Give back each entry exactly as written, apart from the pictures.

--- INPUT ---

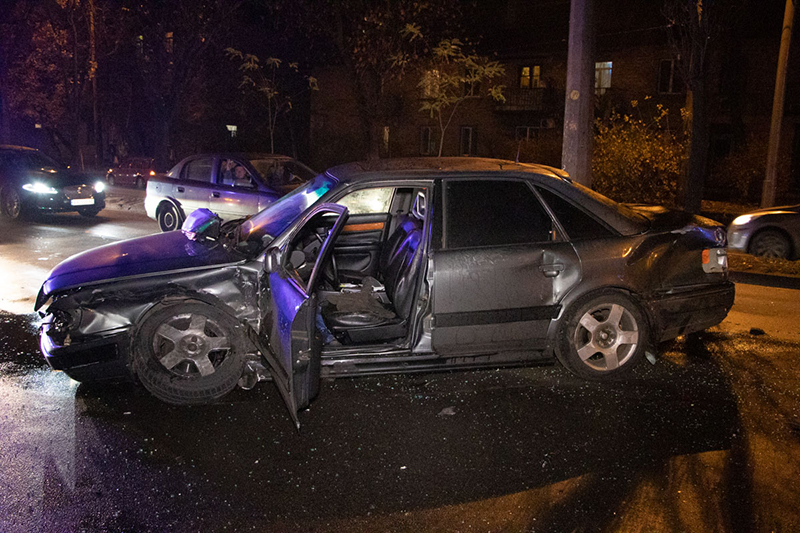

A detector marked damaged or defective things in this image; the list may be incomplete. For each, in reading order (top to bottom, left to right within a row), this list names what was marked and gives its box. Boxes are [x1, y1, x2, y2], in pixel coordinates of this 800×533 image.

dented car hood [35, 230, 241, 308]
crashed car [34, 157, 736, 424]
damaged sedan [39, 156, 736, 426]
front bumper damage [648, 278, 736, 340]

---

→ ANSWER BOX
A detector marked damaged or defective things in this image; the list may be incomplete. For each, in reading order (top to bottom, left to right within a row), this list names what was marked and gives its box. Boxes are [x1, y1, x2, y2], in pixel coordinates of this 800×533 image.

dented car hood [35, 230, 241, 308]
crashed car [34, 157, 736, 424]
damaged sedan [39, 156, 736, 426]
front bumper damage [648, 278, 736, 340]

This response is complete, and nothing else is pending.